What to work on :: Report every line of the data that includes "image".

++++++

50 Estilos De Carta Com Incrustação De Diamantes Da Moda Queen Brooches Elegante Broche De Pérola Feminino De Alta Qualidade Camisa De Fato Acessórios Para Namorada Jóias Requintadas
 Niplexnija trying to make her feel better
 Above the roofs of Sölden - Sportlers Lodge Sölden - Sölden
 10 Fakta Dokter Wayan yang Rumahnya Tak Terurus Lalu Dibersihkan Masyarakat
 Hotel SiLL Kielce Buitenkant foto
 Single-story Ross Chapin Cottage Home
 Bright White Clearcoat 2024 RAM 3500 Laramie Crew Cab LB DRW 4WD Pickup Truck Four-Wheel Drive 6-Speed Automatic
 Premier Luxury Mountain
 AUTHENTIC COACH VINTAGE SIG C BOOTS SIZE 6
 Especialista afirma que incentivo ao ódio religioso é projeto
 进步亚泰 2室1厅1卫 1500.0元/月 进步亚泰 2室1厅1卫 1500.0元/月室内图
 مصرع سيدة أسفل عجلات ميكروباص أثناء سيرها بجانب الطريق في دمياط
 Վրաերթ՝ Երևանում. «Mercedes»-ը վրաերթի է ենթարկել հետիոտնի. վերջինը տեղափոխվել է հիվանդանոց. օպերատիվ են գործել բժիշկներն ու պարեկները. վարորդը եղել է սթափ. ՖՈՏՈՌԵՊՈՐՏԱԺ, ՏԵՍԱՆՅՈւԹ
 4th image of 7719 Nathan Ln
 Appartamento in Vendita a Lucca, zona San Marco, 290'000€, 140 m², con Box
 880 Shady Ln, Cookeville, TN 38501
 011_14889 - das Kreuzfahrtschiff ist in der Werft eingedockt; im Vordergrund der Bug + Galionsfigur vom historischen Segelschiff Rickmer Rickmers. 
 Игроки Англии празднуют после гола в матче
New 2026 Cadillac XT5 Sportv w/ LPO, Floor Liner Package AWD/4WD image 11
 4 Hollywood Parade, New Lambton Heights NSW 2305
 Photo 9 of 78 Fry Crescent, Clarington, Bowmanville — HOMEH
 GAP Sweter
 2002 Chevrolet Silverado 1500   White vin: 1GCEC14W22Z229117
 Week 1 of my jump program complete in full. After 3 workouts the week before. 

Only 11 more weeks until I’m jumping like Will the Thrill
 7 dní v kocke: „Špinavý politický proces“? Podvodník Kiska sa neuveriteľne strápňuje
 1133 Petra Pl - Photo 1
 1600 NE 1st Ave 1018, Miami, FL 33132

++++++

Written solution ::
 4th image of 7719 Nathan Ln
New 2026 Cadillac XT5 Sportv w/ LPO, Floor Liner Package AWD/4WD image 11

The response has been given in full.